• [Action item]:
In the entries below, which lines run from the one with "配资资讯之家 量子通信实现新突破 多家龙头企业抢占新赛道" through the one with "Dogecoin chart"? Repeat exactly those, both included, and no pictures.

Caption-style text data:
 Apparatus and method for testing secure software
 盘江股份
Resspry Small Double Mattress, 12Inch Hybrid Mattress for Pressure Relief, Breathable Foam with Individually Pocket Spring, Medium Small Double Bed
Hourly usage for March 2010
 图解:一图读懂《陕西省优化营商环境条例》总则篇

==

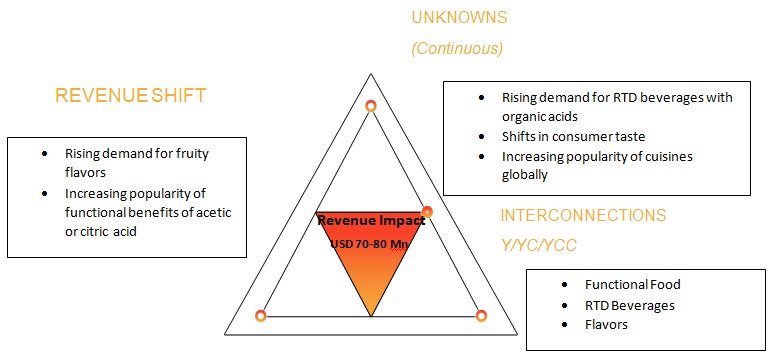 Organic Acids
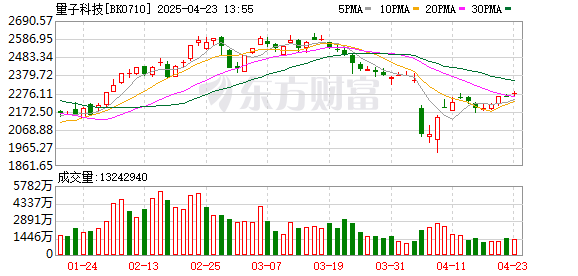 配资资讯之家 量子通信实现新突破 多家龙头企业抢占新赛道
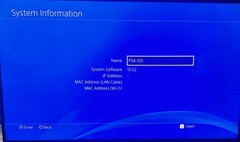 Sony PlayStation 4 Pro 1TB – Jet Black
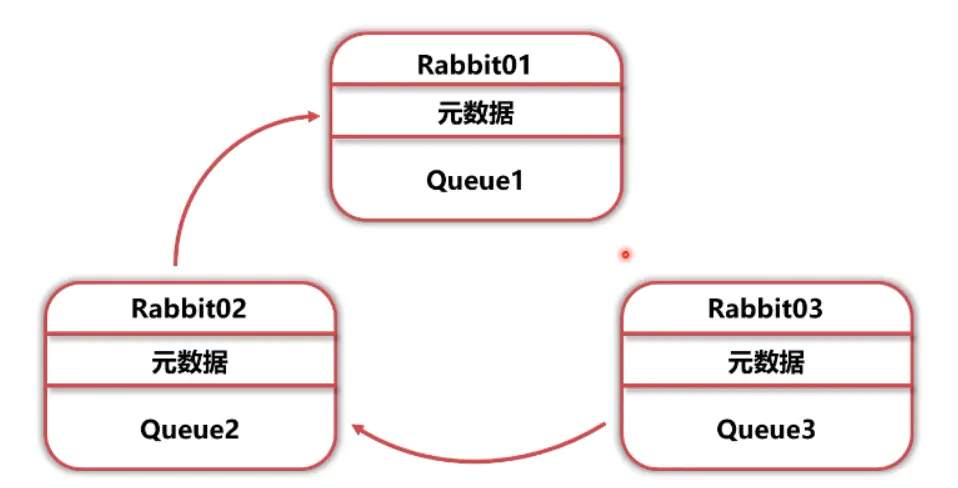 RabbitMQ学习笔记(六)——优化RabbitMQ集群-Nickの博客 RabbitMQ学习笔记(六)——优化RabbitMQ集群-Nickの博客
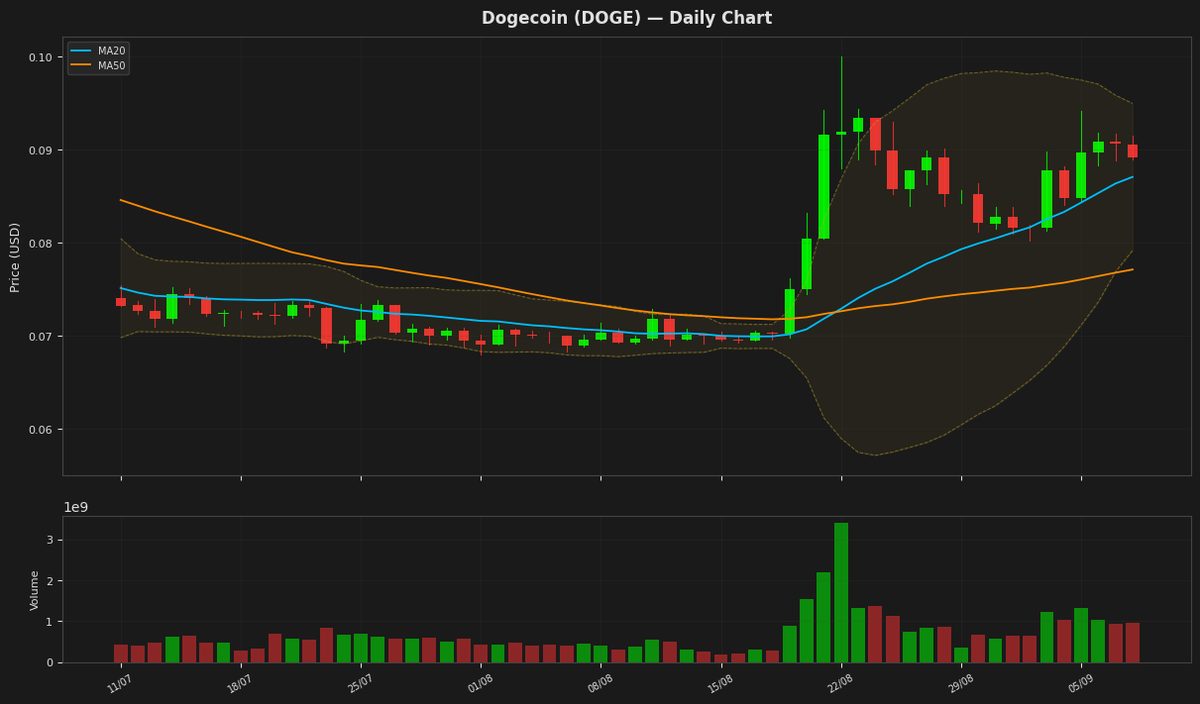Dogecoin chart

• [Solution]:
 配资资讯之家 量子通信实现新突破 多家龙头企业抢占新赛道
 Sony PlayStation 4 Pro 1TB – Jet Black
 RabbitMQ学习笔记(六)——优化RabbitMQ集群-Nickの博客 RabbitMQ学习笔记(六)——优化RabbitMQ集群-Nickの博客
Dogecoin chart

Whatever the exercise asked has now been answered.